═══ DATA SEGMENT ═══

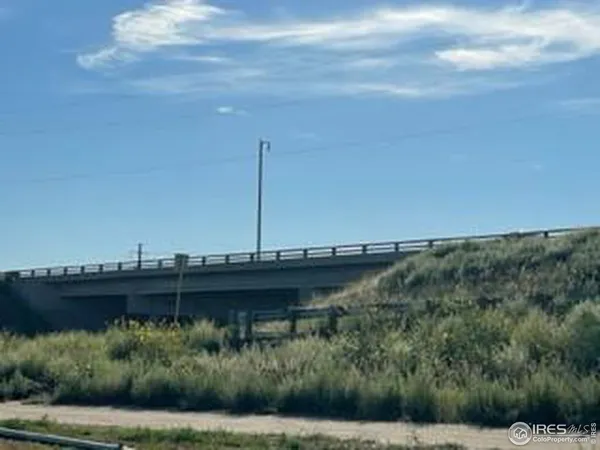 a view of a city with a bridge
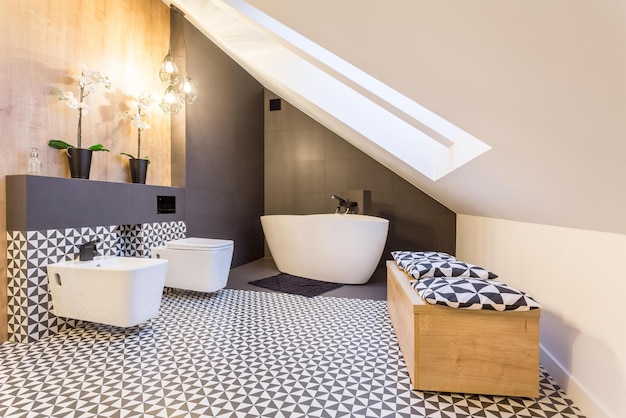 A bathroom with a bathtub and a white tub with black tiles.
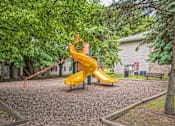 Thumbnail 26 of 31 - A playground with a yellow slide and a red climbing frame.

═══

-- WORK INSTRUCTIONS --
Without the pictures, write out every line above exactly as it appears.

-- YOUR SOLUTION --
 a view of a city with a bridge
 A bathroom with a bathtub and a white tub with black tiles.
 Thumbnail 26 of 31 - A playground with a yellow slide and a red climbing frame.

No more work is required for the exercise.